After finding "Hi and welcome" in the data, write out its line and all following lines without change, up to and including the last one. Leave out pictures.

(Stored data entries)
Content starts
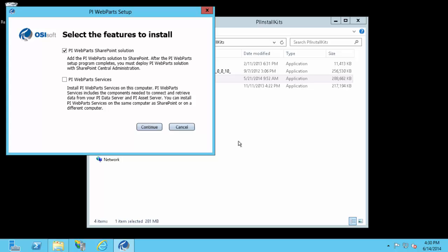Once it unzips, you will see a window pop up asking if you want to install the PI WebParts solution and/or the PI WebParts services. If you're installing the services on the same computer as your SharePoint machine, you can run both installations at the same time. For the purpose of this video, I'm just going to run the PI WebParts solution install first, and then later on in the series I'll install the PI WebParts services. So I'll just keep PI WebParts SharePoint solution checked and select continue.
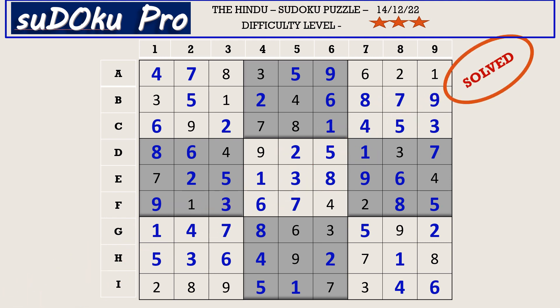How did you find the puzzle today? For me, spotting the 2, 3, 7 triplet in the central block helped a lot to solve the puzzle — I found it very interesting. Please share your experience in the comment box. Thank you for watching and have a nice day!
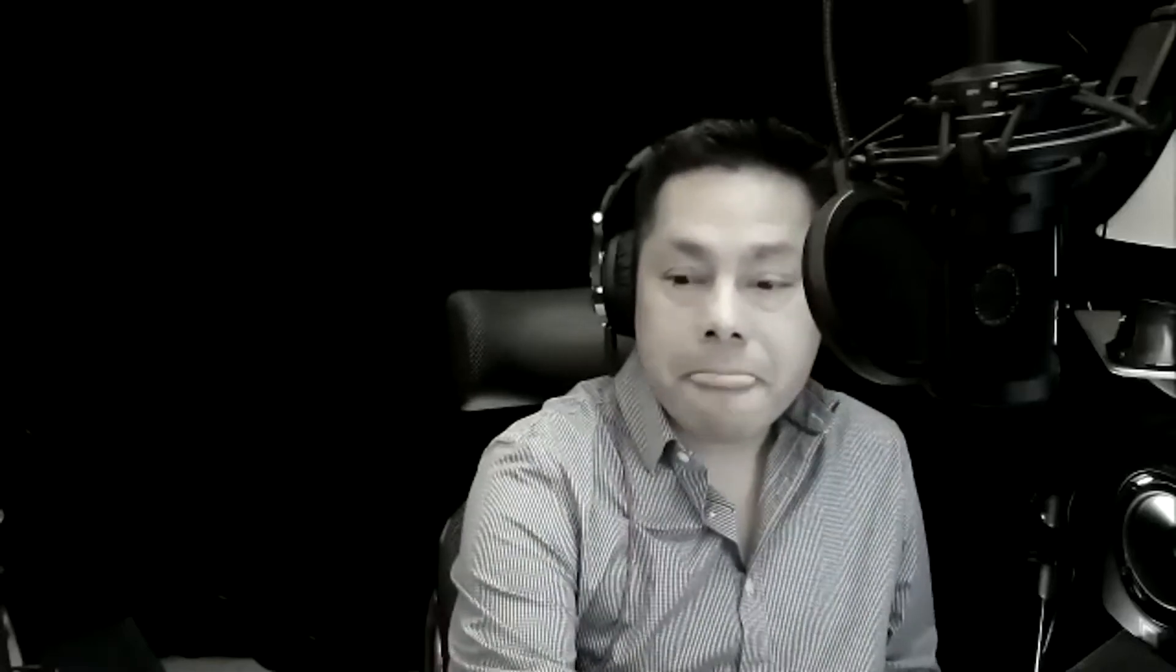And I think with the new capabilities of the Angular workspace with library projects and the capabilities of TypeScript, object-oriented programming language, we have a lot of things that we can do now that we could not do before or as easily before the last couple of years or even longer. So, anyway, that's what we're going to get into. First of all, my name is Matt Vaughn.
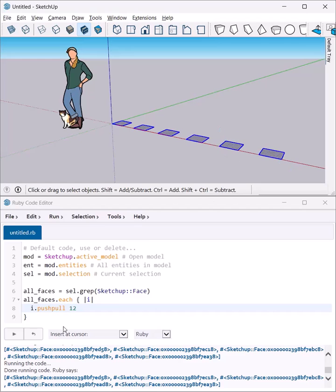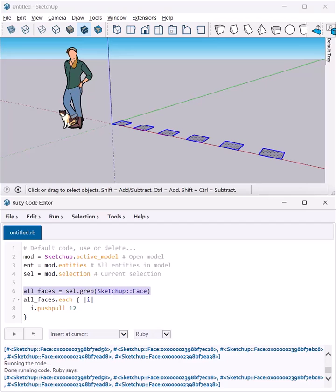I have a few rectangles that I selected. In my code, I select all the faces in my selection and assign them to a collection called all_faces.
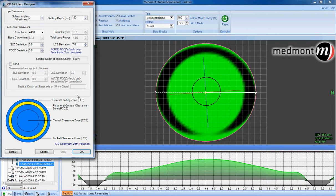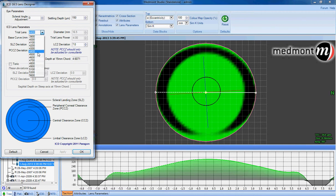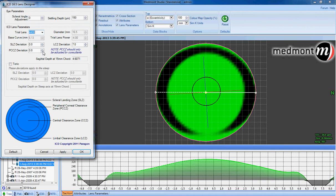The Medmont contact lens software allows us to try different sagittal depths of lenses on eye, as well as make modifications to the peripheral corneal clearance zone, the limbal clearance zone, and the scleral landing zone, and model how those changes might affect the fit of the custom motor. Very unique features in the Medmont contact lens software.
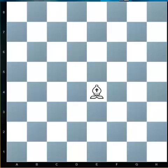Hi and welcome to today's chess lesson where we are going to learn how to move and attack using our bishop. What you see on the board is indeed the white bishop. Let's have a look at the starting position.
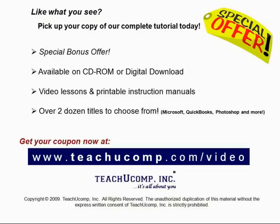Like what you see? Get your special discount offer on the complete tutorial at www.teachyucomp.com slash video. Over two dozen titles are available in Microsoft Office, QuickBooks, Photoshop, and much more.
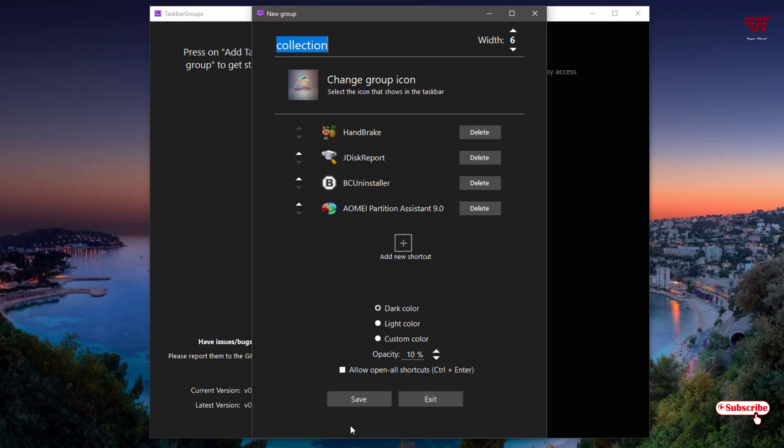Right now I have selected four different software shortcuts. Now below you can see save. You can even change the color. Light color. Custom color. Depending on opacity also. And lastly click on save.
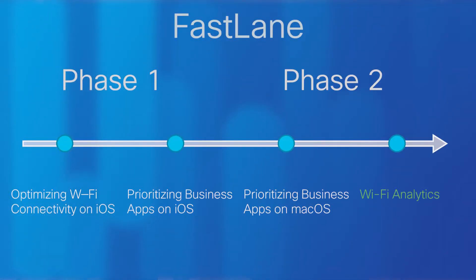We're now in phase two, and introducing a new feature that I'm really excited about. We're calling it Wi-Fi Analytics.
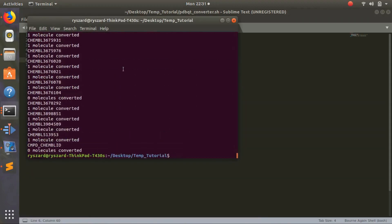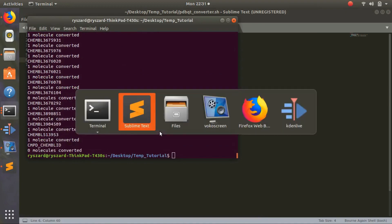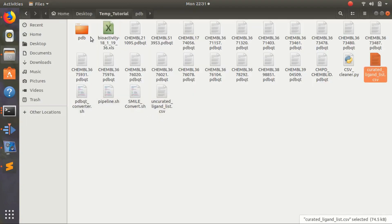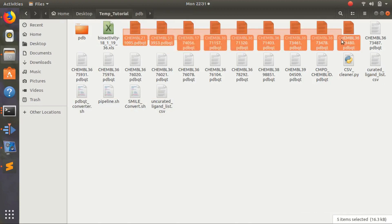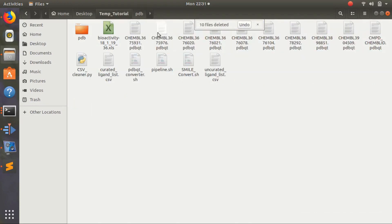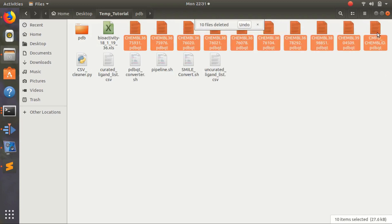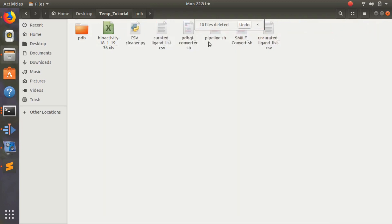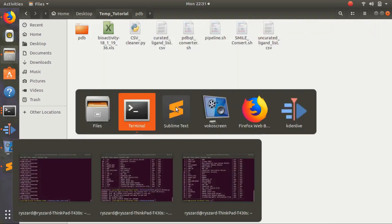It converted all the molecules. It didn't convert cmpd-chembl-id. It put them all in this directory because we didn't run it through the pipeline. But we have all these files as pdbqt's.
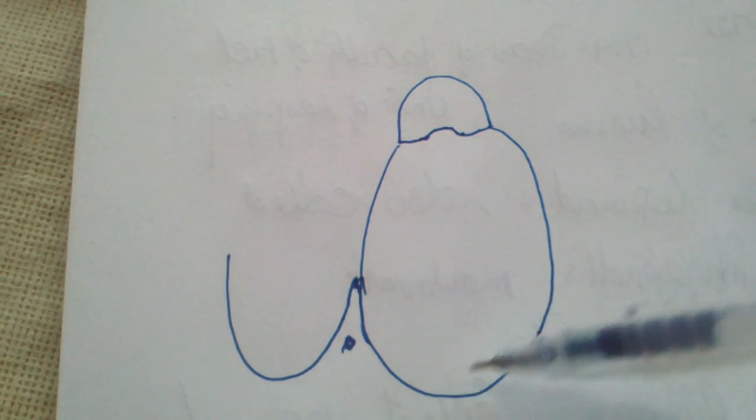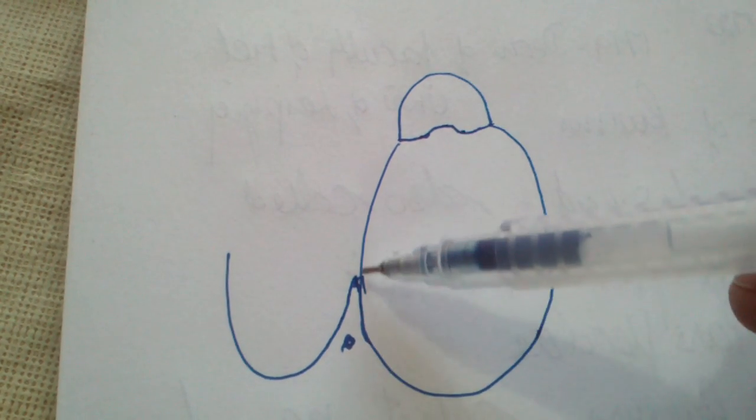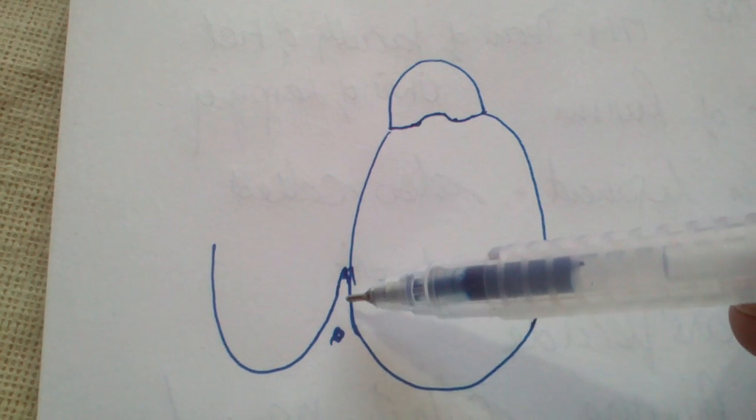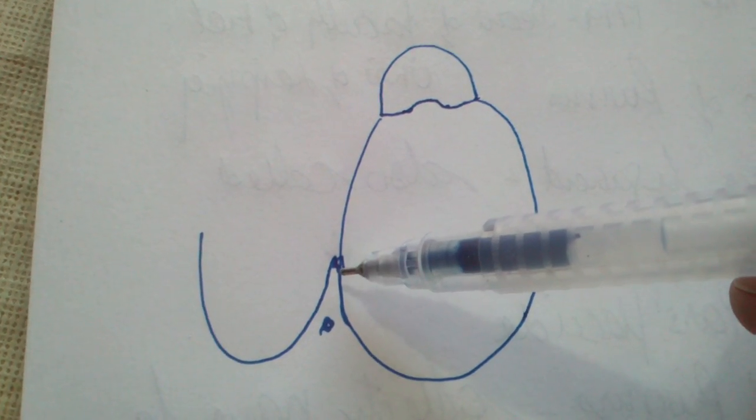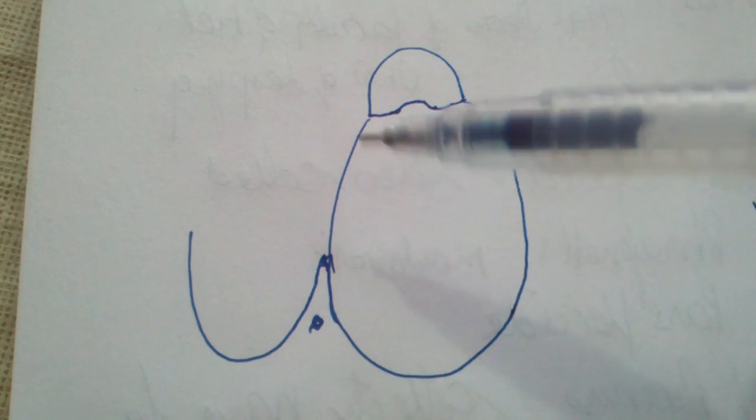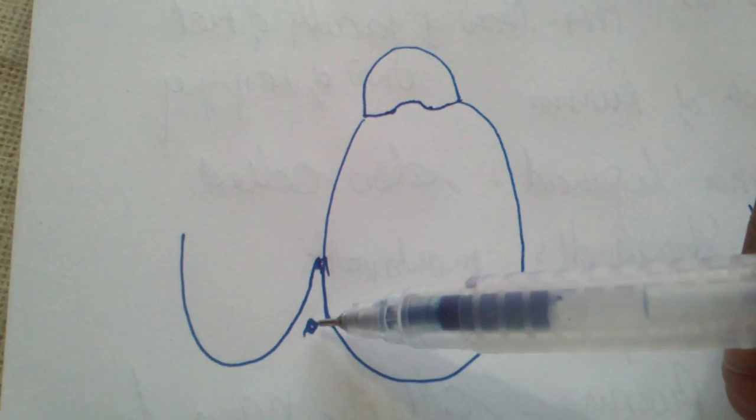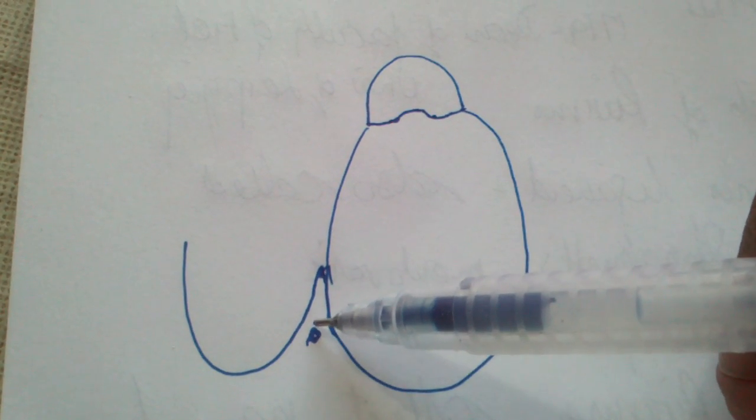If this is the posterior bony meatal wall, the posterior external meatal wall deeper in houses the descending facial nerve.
Content ends
Reply >>
Hi and welcome to today's chess lesson where we are going to learn how to move and attack using our bishop. What you see on the board is indeed the white bishop. Let's have a look at the starting position.
Like what you see? Get your special discount offer on the complete tutorial at www.teachyucomp.com slash video. Over two dozen titles are available in Microsoft Office, QuickBooks, Photoshop, and much more.
Right now I have selected four different software shortcuts. Now below you can see save. You can even change the color. Light color. Custom color. Depending on opacity also. And lastly click on save.
We're now in phase two, and introducing a new feature that I'm really excited about. We're calling it Wi-Fi Analytics.
It converted all the molecules. It didn't convert cmpd-chembl-id. It put them all in this directory because we didn't run it through the pipeline. But we have all these files as pdbqt's.
If this is the posterior bony meatal wall, the posterior external meatal wall deeper in houses the descending facial nerve.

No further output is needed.